The Magic of Book Picking: Lessons in Art Deco Fashion Design
S.A.
There are two of us, Sophisticated Readers, living 100 miles apart. We are online only, when it comes to selling, but hands-on only, when it comes to selecting our books.
Some times, we experience an ineffable mystery of connection to our finds: an indescribable cosmic link between us, the pickers, and the books we pick.
Once, at an outdoor book sale in Carlsbad, in the midst of thousands of books piled high on folding tables, I put my hand on an uncommon Charles Bukowski book of poetry: a birthday gift for Sophisticated Reader #2 who avidly collects him. Another time, in Los Angeles, at a thrift store, while out picking books with Sophisticated Reader #2, a Bukowski book fell off a book shelf and landed on top of her head. Luckily, it was a soft cover. Also, luckily, it was autographed by Sean Penn.
You can feel the magic when this happens. "Wait a minute!" the inner voice commands, as if this coincidence, this Jungian synchronicity, could not have happened the way it did. Moments like this are memorable because they are random and infrequent. But recurring. Of course, they do not always involve Bukowski (although wouldn't that be nice)?
Take the set of Art Deco Fashion Design books, above, we are now selling. The scarce set includes both 17 softcover correspondence-school lessons in fashion design (1930s-'40s), plus a 1938 hardcover fashion design book by the same author & publisher. The hardcover is illustrated , with a surprise bonus of a valuable Deco pochoir fashion plate, tucked inside.

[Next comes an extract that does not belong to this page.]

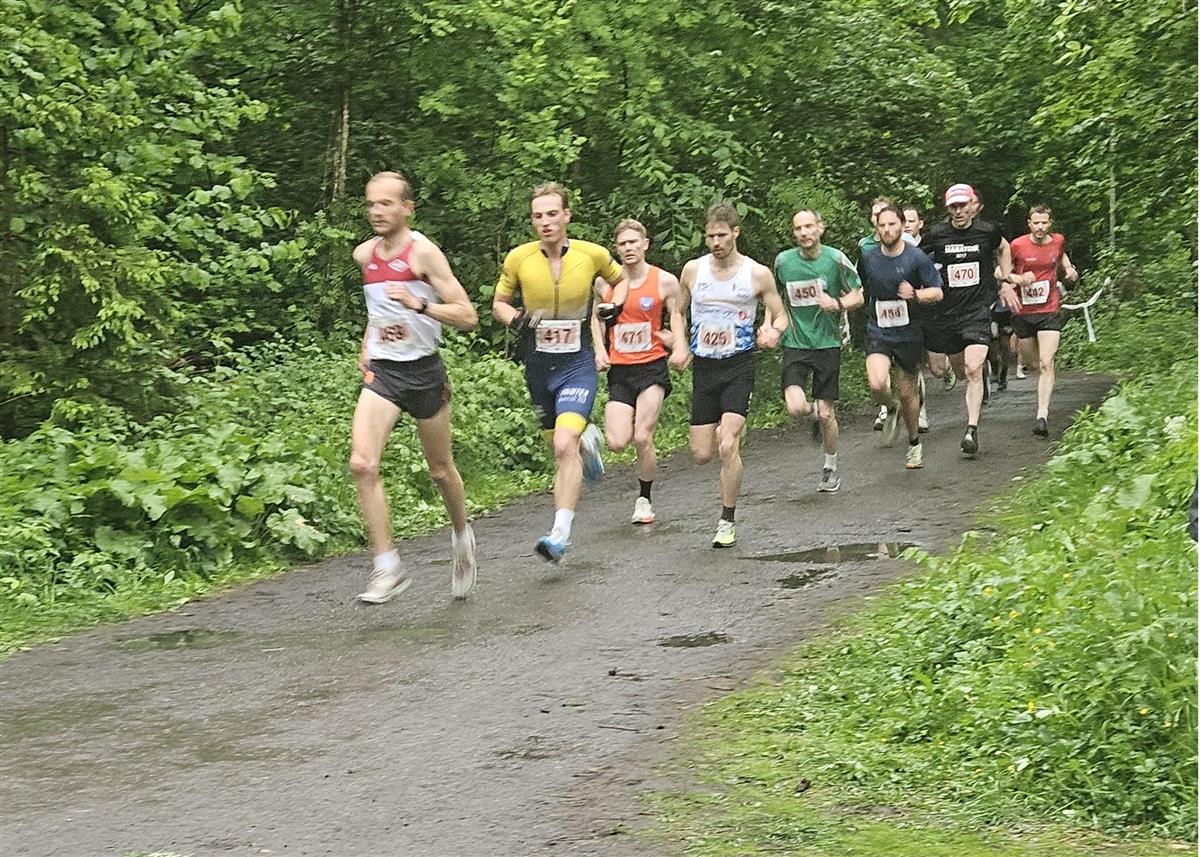 Early Bird billetter til Ekebergløpet 2026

The magic in this pick is that I bought the softcover design-class books in March at an auction in Vista. Sophisticated Reader #2 bought the hardcover recently, at a sale of antique books in Glendale. Our picks were months and miles apart. The books are only, now, re-united, as if there had never been any time or distance between them. They belong together.

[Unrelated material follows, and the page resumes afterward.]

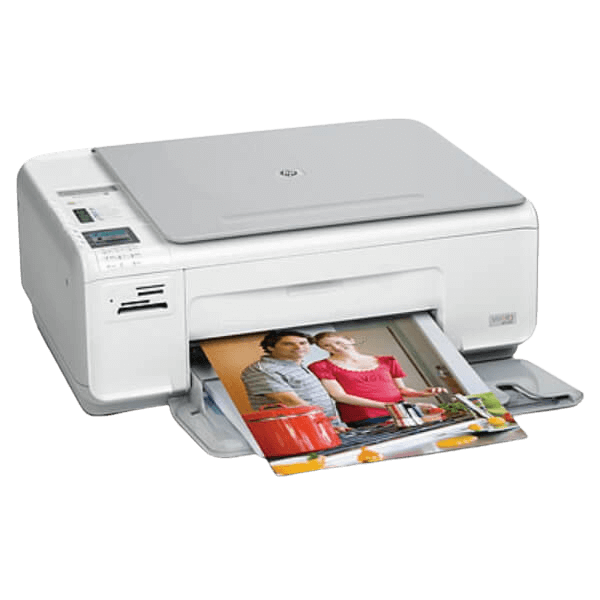 HP PhotoSmart C 4345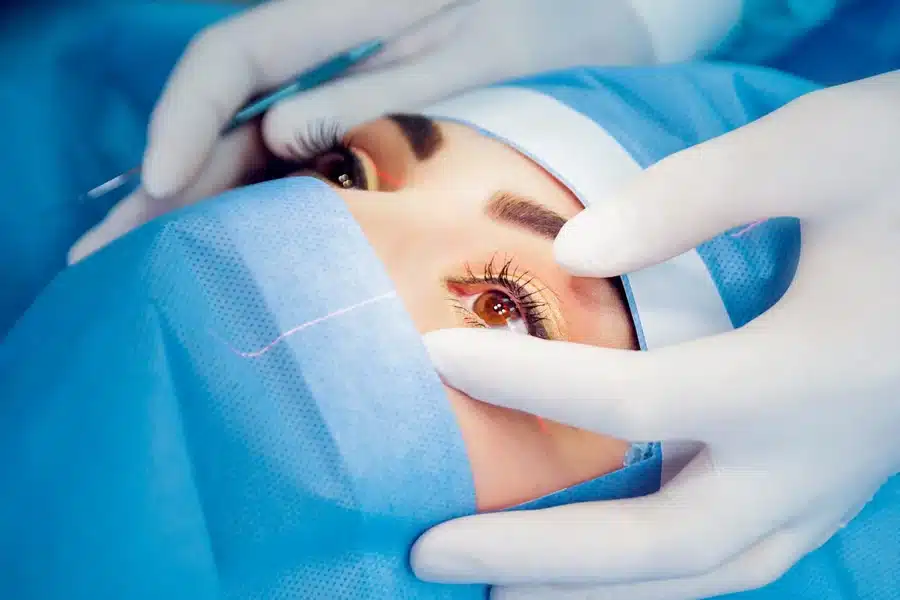 Specialist Laser Eye Surgery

Over the many years Sophisticated Reader #2 and I have collected, we've never run across these titles. Sophisticated Reader #2 didn't know I had purchased the lot of fashion design correspondence books, until she told me about her Art Deco fashion design find. But, her book, when added to the school lessons I already had, greatly increased the books' combined value, for more than one reason.
To paraphrase, the great Kurt Vonnegut, "If this isn't magic, I don't know what is."